= PROBLEM DESCRIPTION =
The answer must be the lines from the one that holds "撼路者周年定制改装车亮相北京车展，都有哪些特别之处？" through the final line of the data, copied exactly, with no pictures.

[Opening RECORDS FOR PROCESSING section]

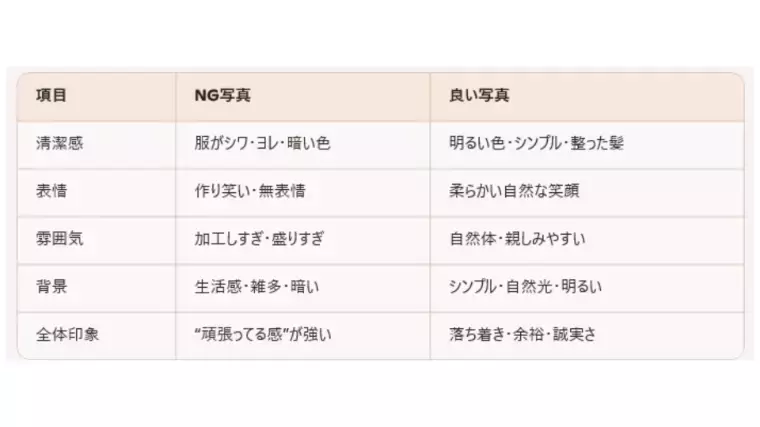 Fun To Marriage「写真戦略：30代は“清潔感×自然体”が最強⁉」- 3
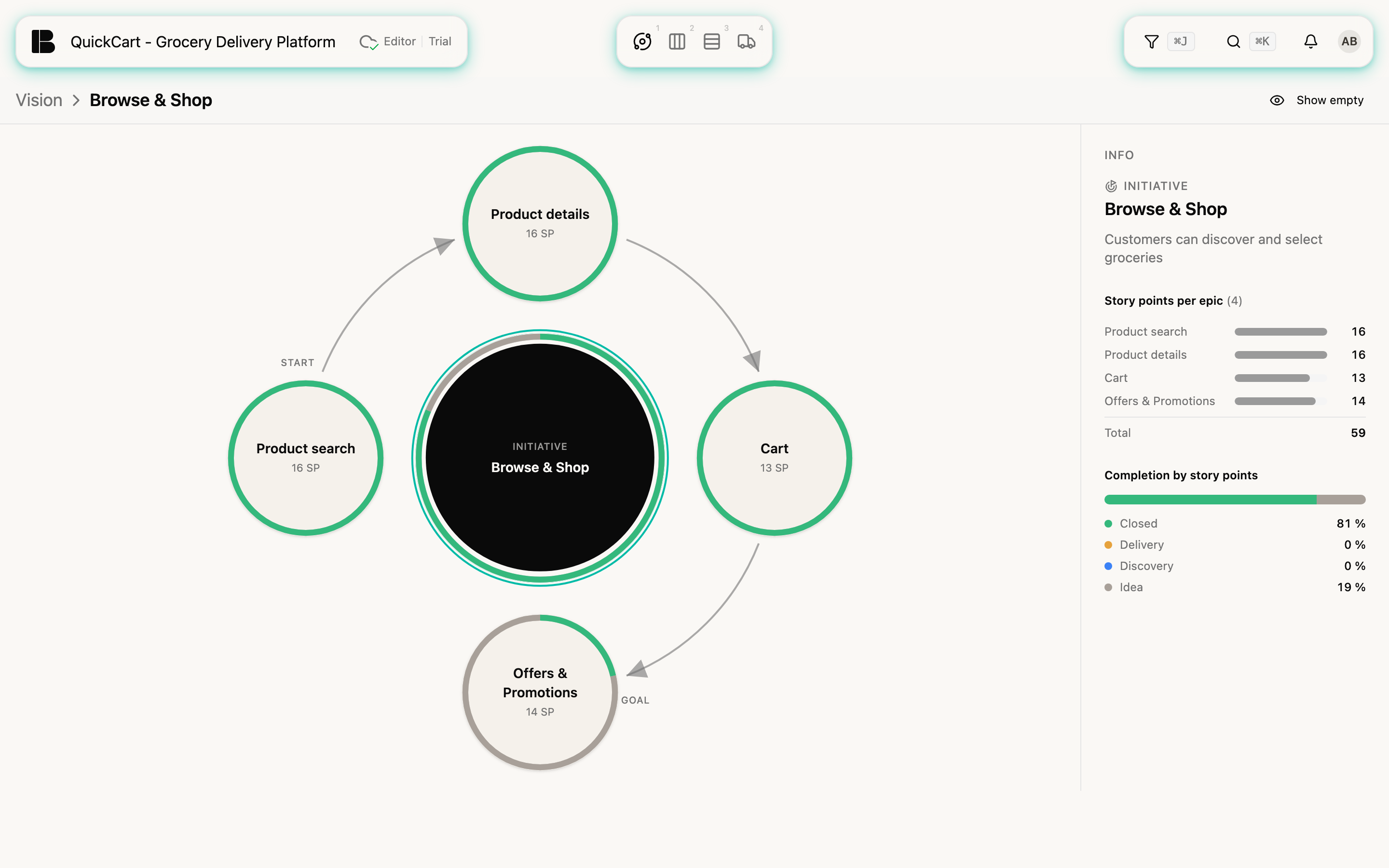Orbit at Initiative level for Browse & Shop: in the middle a black circle with the Initiative's title, around it four Epic circles Product search, Product details, Cart and Offers & Promotions connected by arrows, labelled Start and Goal; on the right the Info sidebar with story points per Epic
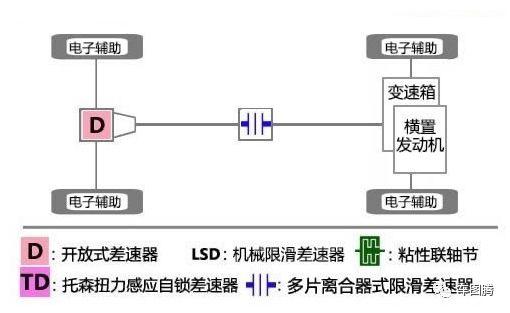 撼路者周年定制改装车亮相北京车展，都有哪些特别之处？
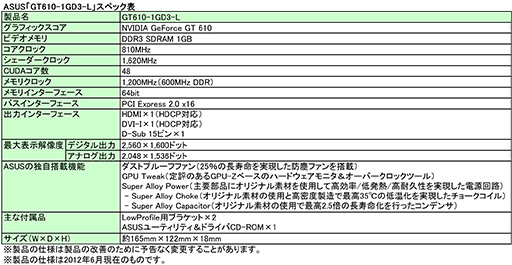 画像ギャラリー No.003のサムネイル画像 / ASUS,防塵ファン採用クーラー搭載のLowProfile対応GT 620/610カード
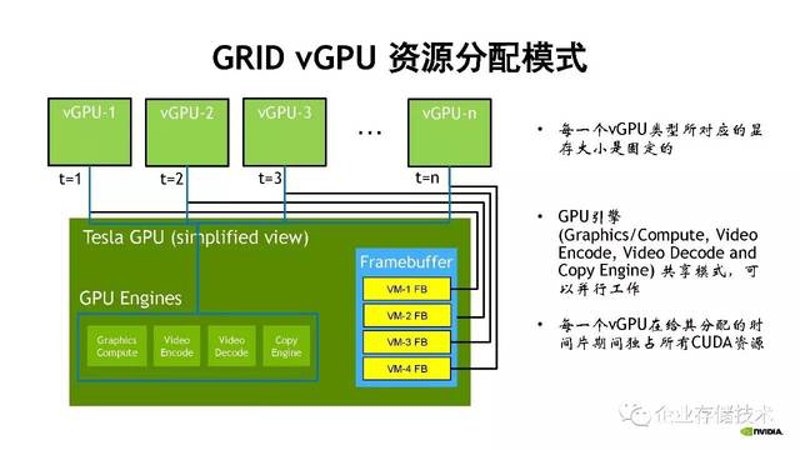 IPTV解决方案：电视时代的创新变革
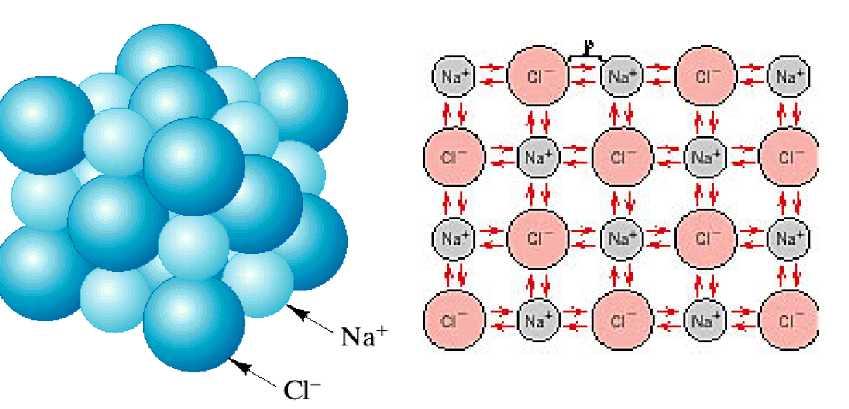 Electron transfer reduces the energy of the system of atoms, that is, electron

[Closing RECORDS FOR PROCESSING section]

= RESPONSE BELOW =
 撼路者周年定制改装车亮相北京车展，都有哪些特别之处？
 画像ギャラリー No.003のサムネイル画像 / ASUS,防塵ファン採用クーラー搭載のLowProfile対応GT 620/610カード
 IPTV解决方案：电视时代的创新变革
 Electron transfer reduces the energy of the system of atoms, that is, electron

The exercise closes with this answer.